Onze wijk kent daarnaast schrijvers als Godfried Bomans van de Pater Brugmanstraat die hier zijn enige echte roman scheef: Erik of het klein insectenboek. Denk ook aan Anton Duinkerken, wonend in de Regentessestraat, rector van de universiteit, maar ook een monumentaal katholiek schrijver. Hij maakte diepe indruk met zijn pleidooi voor carnaval in 1928, toen daar nog met wantrouwen en minachting naar gekeken werd door de kerkelijke autoriteiten.
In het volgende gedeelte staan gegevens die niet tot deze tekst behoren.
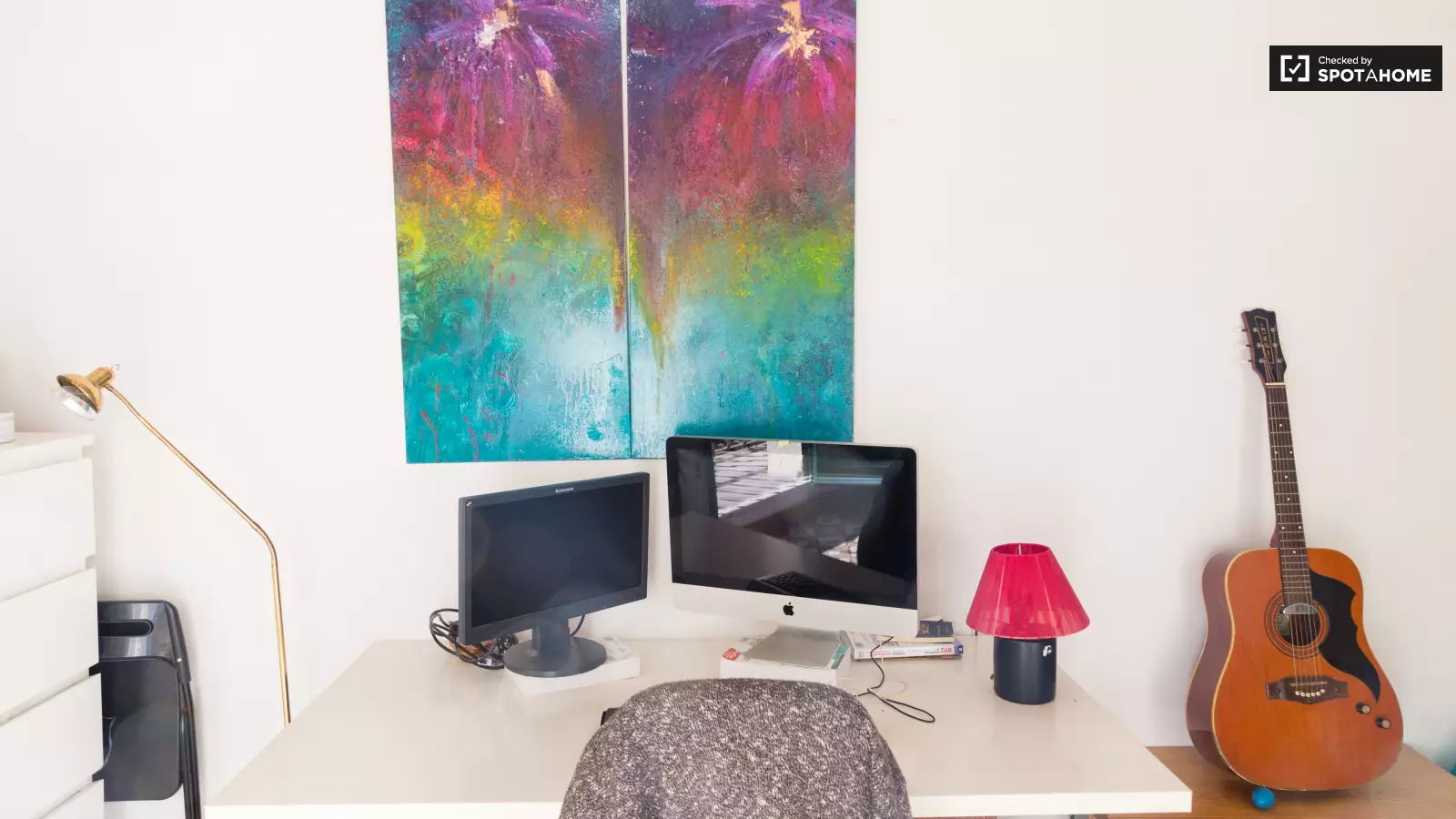 Furnished room in a shared flat in Eixample · 4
Maar er zijn ook genoeg kunstenaars die vandaag werken in ons stadsdeel. Zoals Doro Krol van de Barbarossastraat, ooit onze nachtburgemeester. Ze maakt herkenbare Ooijgezichten met karakteristieke essenrijen langs het Meertje in stevige pastelkleuren. Denk ook aan Diederik Grootjans: hij schildert stadsgezichten van nu, maar met een wonderlijk melancholisch sausje. (Hij is nu een groot muurproject op de Dommer van Poldersveldtweg begonnen - buurtbewoners, zijn welkom om mee te doen.) Jos Joosten van de Mesdagstraat is hoogleraar Nederlandse letterkunde. Van zijn hand is net het boek verschenen: “Och, eeuwig is zo lang. Zeshonderd jaar Nederlandstalige literatuur in het licht van de eeuwigheid.”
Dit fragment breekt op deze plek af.